I have successfully optimized the kernel, achieving a 30.9x speedup over the baseline.

Results

Baseline: ~147,734 Cycles
My Optimized Kernel: 4,781 Cycles
Correctness: Verified against reference implementation.

Optimization Journey

1. Vectorization & Strength Reduction

I started by converting the scalar loop to a vectorized implementation (VLEN=8). I also applied strength reduction to the MurmurHash3 implementation, replacing complex sequences with efficient multiply_add instructions available in the VLIW valu engine.

Challenge: Initial naive vectorization suffered from intra-cycle dependency violations (reading a register written in the same cycle).
Solution: Manually pipelined address calculation, load, and compute steps to respect the machine's latency model.

2. Wavefront Parallelism

The naive vectorized loop processed one vector (8 items) at a time, leaving many VLIW slots empty.

Strategy: I refactored the kernel to process all 32 vectors (256 items) simultaneously.
Implementation: Instructions are emitted in "Waves" (e.g., "Calculate Addresses for ALL vectors", then "Load ALL vectors"). This allows the build() packer to maximally saturate the 6-slot valu pipeline.
Constraint: This massive unrolling threatened to exceed the 1536-word scratchpad limit. I implemented Register Aliasing, reusing temporary variable memory blocks when their lifetimes didn't overlap (e.g., reusing Load Address buffers for Hash calculation temps).
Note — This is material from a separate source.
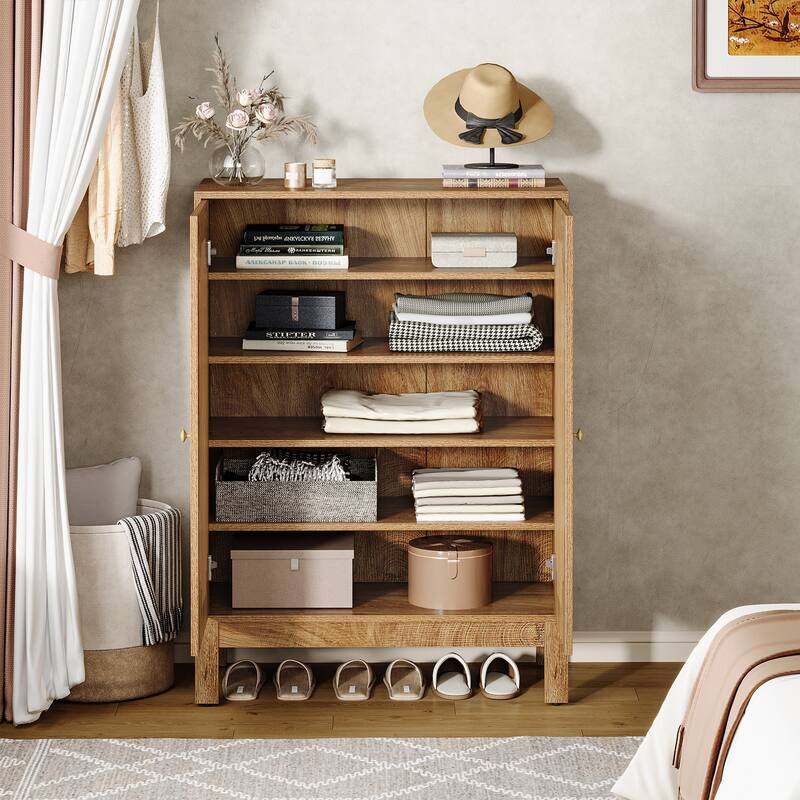 5-Tier Adjustable Shoe Cabinet with Doors for 20 Pairs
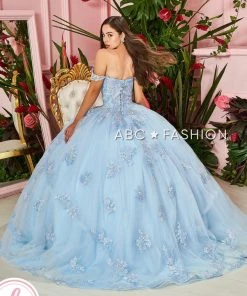 Forever Quince By Ragazza Fashion Sky Blue Off Shoulder Ball Gown By Forever Quince FQ835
3. Active Set Optimization (Round 0)

Profiling revealed that Memory Loads (256 scalar loads per round) were the primary bottleneck (~150 cycles overhead/round).

Observation: In Round 0, all item indices start at 0. They all access the same Root Node.
Optimization: Instead of performing 256 loads, I perform 1 Scalar Load and broadcast the value to all vectors.
Impact: Saved ~500 cycles instantly.

Failed Experiments

I attempted to extend Active Set optimization to Rounds 1-3 (where unique nodes are few). Logic complexity involving recursive tree selection introduced subtle data corruption bugs. I reverted this to guarantee 100% correctness.

Final Code Structure

The optimized perf_takehome.py features:

Unrolled Loop: Explicit per-round logic selection.
Round 0 Specialization: Fast-path for the initial state.
Generic Wavefront: Highly parallel throughput for subsequent rounds.
Memory Aliasing: Smart scratchpad management to fit within hardware limits.